(Work to complete): When you reach the line that contains "Image of New Holland LS180 equipment image 1" below, transcribe it and each line after it word for word to the end of the records, omitting pictures.

(Study material):
= = = = =
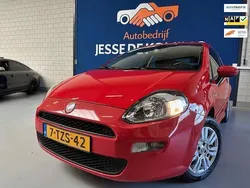 Rood Gebruikt 2014 Fiat Punto Evo Street Hatchback | € 4.750 (Eerlijke prijs)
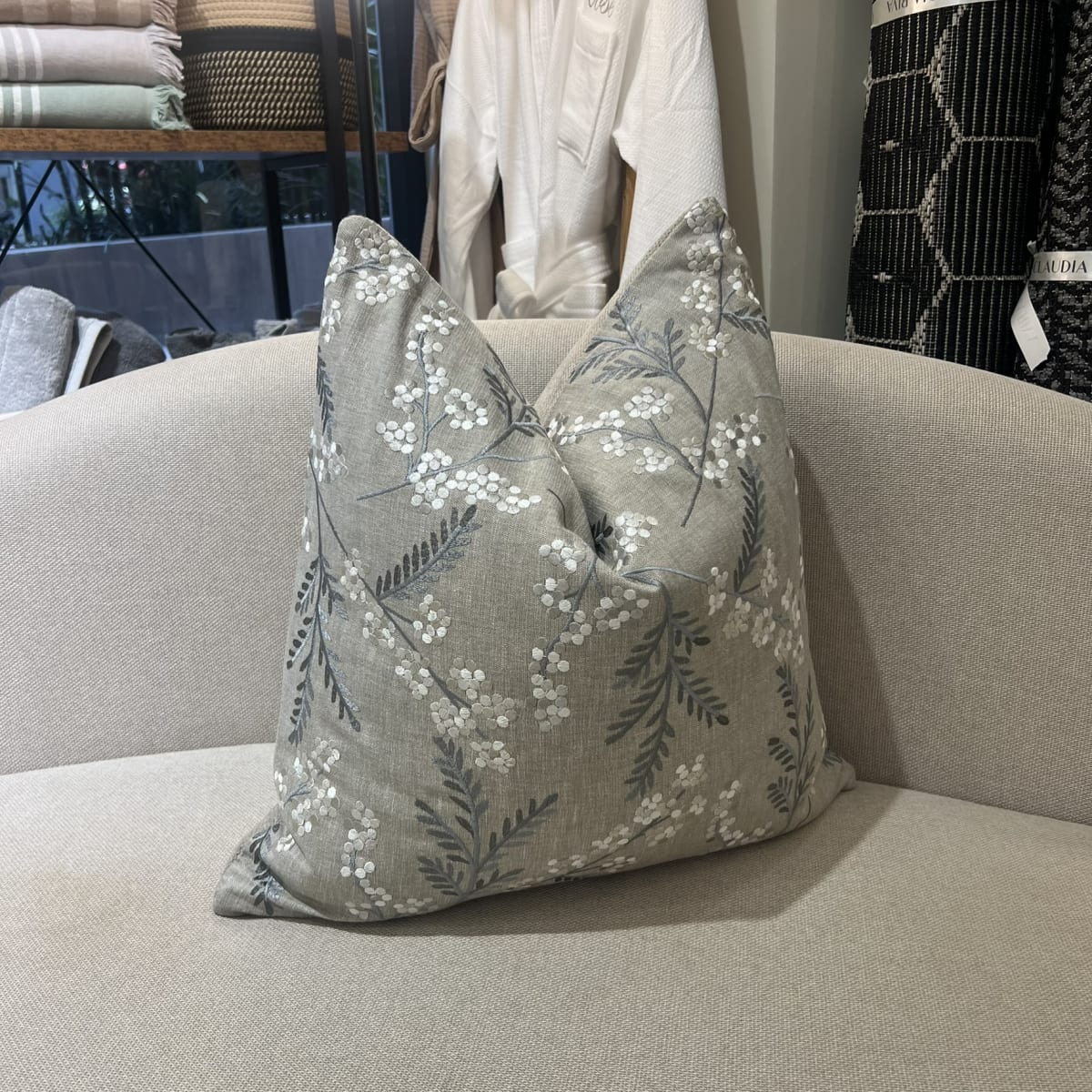 Funda de Cojín Blossom Gris5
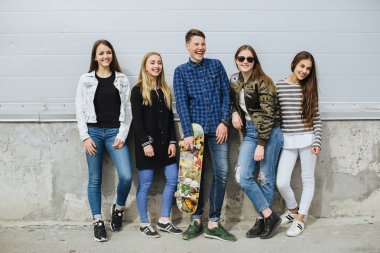 Kaykay asılı ile gülümseyen dışarı dışında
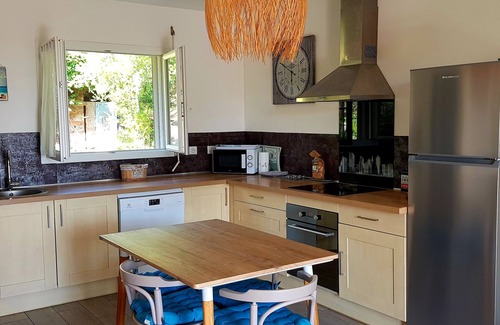 Prunelli-di-Fiumorbo House | Comfortable 3-room apartment with beautiful pool
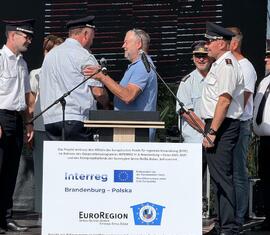 Ehrung von Ortswehrführer Uwe Wonneberger mit dem Deutschen Feuerwehr-Ehrenkreuz in Silber des Deutschen Feuerwehrverbandes.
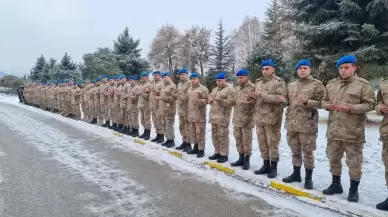 Deprem bölgesinde kaç Mehmetçik görev yapıyor? MSB açıkladı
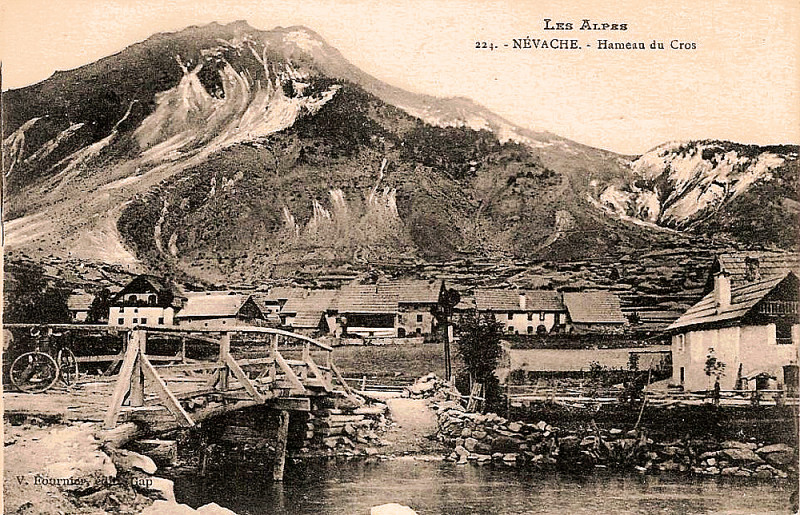 Carte postale ancienne Névache celliers du hameau de Cros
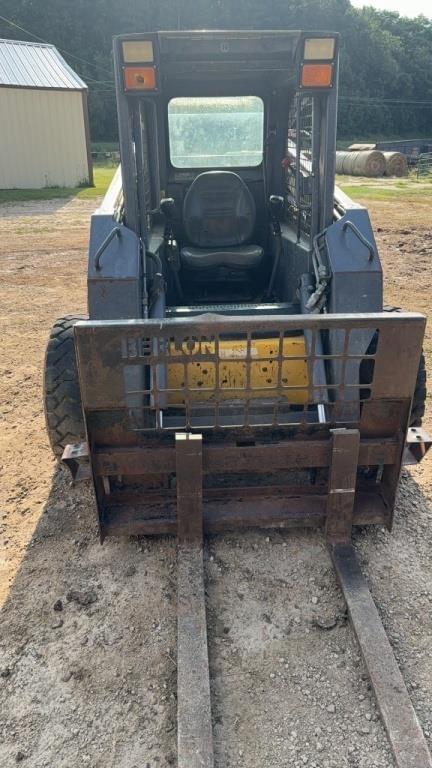 Image of New Holland LS180 equipment image 1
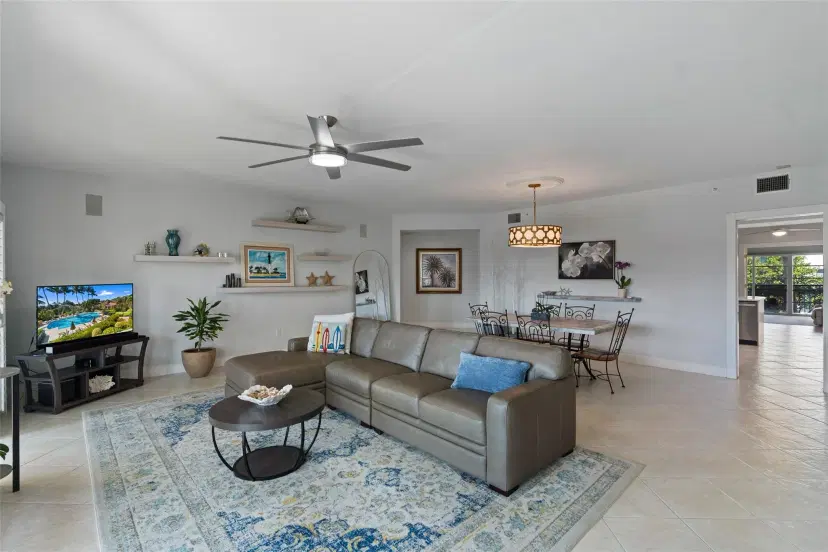 Picture of 1228 Hillsboro Mile 203, Hillsboro Beach FL 33062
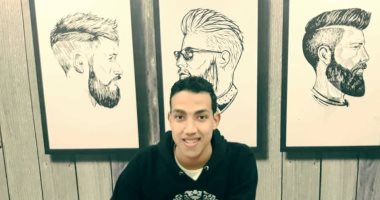 "محمد" يشارك بلوحات فنية تظهر موهبته فى رسم نجوم الفن والكرة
= = = = =
(Solution for this problem):
 Image of New Holland LS180 equipment image 1
 Picture of 1228 Hillsboro Mile 203, Hillsboro Beach FL 33062
 "محمد" يشارك بلوحات فنية تظهر موهبته فى رسم نجوم الفن والكرة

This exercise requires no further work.